July is typically the height of peach season in Texas, but many of the Hill Country’s well-known peach farms don’t have as much of the savory fruit to offer this year.
A mild winter has made for a much tougher growing season than usual, forcing an early end to peach season for many Texas farms.
Jamie Vogel owns Vogel Orchard in Stonewall, Texas, outside Fredericksburg. He heads the Hill Country Fruit Council.
Vogel says peaches require a certain number of chilling hours below 40 degrees to allow the buds to grow and develop properly. This winter’s lack of cold weather limited crops.
“One thing we understand in farming in general and with fruit is that you’re going to have good years and you’re going to have bad years,” Vogel says of Hill Country farmers’ morale. “We’ve had three pretty good years – 2014, 2015 and 2016 – with 2015 being really a bumper crop. You know that when that happens you’re likely to have some years coming up that won’t be so good. It’s just part of the process.”

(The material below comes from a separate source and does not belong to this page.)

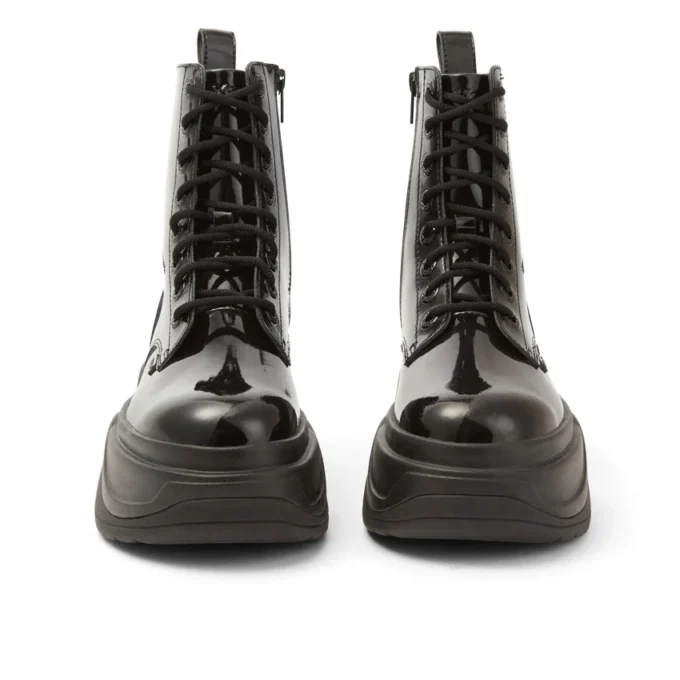 Stivale Kade unisex per adulti in vernice nera Stivale Kade unisex per adulti in vernice nera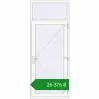 Ціноутворення Вхідні двері 1000x2500 мм REHAU Euro-Design 60 Білий (RAL 9016) з двох сторін. Ціна: ₴26,375.87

The Hill Country Fruit Council posted a message on their website alerting consumers. “Because the Hill Country (and Texas crop in general) is small this year, you are unlikely to find true Hill Country peaches outside of the area so be careful what you are buying.”
“You can come to the hill country and buy direct from the growers, but there’s not enough production left this season for fruit to go outside the county for wholesale purposes,” Voegel says, warning of “counterfeit peaches” grown in other areas. “Chances are if you’re seeing Fredericksburg or Stonewall peach signs, it’s unlikely that they’re actually fruit coming from this area.”
Vogel says in previous years peach farmers have had great chilling hours during the winter only to encounter destructive late freezes in March and April. “If you don’t have thick skin for something like that, you better not be in this business,” he says.